In the listing below, count the lines containing the string "Image". Reply with that number only.
*** Block opens ***
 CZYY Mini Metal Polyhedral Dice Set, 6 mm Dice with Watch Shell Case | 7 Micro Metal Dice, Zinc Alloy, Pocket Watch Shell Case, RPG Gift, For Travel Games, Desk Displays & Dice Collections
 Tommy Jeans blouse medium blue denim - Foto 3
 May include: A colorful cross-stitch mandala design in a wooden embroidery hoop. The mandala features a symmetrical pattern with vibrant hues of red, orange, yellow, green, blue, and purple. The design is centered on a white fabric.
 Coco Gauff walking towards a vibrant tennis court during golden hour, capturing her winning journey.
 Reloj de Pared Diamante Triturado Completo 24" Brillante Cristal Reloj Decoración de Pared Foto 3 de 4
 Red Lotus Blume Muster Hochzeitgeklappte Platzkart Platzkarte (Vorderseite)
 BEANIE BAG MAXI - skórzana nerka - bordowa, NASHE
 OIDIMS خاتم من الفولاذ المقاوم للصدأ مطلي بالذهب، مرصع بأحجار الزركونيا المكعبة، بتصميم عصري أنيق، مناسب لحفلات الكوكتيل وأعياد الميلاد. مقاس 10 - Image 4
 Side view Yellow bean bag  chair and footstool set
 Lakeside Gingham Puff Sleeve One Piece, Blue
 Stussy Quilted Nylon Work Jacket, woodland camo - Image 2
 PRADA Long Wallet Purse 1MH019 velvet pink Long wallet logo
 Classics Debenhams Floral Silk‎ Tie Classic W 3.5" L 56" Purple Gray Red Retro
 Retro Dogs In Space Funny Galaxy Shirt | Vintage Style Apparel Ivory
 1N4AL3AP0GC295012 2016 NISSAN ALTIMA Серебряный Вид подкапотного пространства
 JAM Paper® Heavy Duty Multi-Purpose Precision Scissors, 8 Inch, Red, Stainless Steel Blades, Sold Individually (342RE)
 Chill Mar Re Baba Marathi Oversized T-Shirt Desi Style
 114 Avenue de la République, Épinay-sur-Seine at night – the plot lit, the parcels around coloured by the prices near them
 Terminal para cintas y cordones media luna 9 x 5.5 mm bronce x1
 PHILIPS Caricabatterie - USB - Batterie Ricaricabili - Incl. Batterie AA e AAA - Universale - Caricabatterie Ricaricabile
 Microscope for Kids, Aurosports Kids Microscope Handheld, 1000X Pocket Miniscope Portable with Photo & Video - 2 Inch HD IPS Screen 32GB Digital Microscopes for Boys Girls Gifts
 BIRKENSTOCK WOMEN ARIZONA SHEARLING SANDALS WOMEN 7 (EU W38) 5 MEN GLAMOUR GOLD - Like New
*** Block closes ***
**Response**
2